Stambler BS, et al. Featured Clinical Research I. Presented at: American College of Cardiology Scientific Session; May 15-17, 2021 (virtual meeting).
Stambler reports he received honoraria, consultant fees and contracted grants from Milestone Pharmaceuticals.
Etripamil nasal spray was associated with improving symptoms and reducing ED visits to terminate nodal-dependent paroxysmal supraventricular tachycardia outside the health care environment, according results of the NODE-301 study.
Bruce S. Stambler
“Etripamil 70 mg single-dose significantly improved PSVT-related symptoms; patient satisfaction and effectiveness of at-home nasal spray therapy for PSVT were higher for etripamil than placebo; and etripamil tended to reduce the need for emergency room medical interventions for PSVT,” Bruce S. Stambler, MD, FHRS, director of cardiac arrythmia research and education at Piedmont Heart Institute, Atlanta, said during a presentation at the American College of Cardiology Scientific Session.
As Healio previously reported, in the main results of NODE-301, etripamil (Millstone Pharmaceuticals), an L-type calcium channel blocker administered via nasal spray, missed the primary endpoint of conversion of paroxysmal supraventricular tachycardia (PSVT) to sinus rhythm at 5 hours compared with placebo, but bested placebo for conversion at 45 minutes.
For the present analysis, the researchers included the 156 patients from NODE-301 who had a confirmed vagal-maneuver refractory, symptomatic episode of sustained PSVT. In the etripamil group, the mean age was 57 years and 68% were women. In the placebo group, the mean age was 54 years and 67% were women.
Stambler said that compared with placebo, etripamil improved patient scores of the following PSVT related symptoms: rapid pulse (P = .002), palpitations (P < .001) shortness of breath (P = .008) dizziness (P = .012) and anxiety (P =.006).

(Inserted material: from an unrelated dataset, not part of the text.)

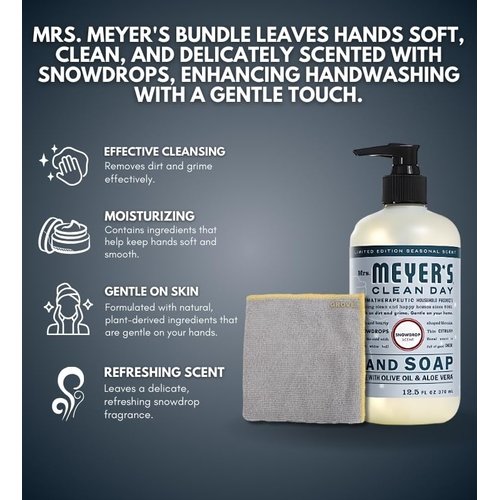 GROVE Snowdrop Hand Soap Bundle - Hand Soap - Hand Soap Liquid - Hand Soap with Aloe Vera - Myers Hand Soap - 12.5 oz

There was no difference between the groups in chest pain score.
According to Stambler, during the 5-hour observation period, 28 patients sought additional rescue medical interventions for PSVT; of those, 25 reported to the ED and three self-administered rescue oral medications for PSVT. Also, he said, 14% of the etripamil group compared with 26.5% of the placebo group sought additional medical therapy, usually IV adenosine in the ED (P = .059).

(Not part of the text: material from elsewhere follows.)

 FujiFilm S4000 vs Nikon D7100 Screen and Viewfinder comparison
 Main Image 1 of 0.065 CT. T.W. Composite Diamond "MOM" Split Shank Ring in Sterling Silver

There was a trend for ED interventions to be less frequent in the etripamil group compared with the placebo group (12.1% vs. 24.5%; P = .051), according to Stambler.

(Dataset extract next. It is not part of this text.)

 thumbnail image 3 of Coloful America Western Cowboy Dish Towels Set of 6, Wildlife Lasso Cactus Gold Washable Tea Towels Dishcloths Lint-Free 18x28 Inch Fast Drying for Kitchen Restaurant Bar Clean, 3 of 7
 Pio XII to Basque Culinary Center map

A secondary analysis demonstrated a clinically meaningful early treatment effect showing that etripamil 70 mg was significantly more effective than placebo nasal spray in converting PSVT over the first 45 minutes (P = .002) after the nasal spray, Stambler said.
Mean time to ER intervention was 116 minutes in the etripamil group and 79 minutes in the placebo group (P < .05), he said.
Scores of the 9-Item Treatment Satisfaction Questionnaire for Medication favored the etripamil group for treatment effectiveness (54 vs. 35; P = .001) and global satisfaction (57 vs. 43; P = .007), but there was no difference in treatment convenience score, according to the researchers.
“These data support the continued development of etripamil nasal spray for acute treatment of PSVT outside the hospital,” Stambler said during the presentation.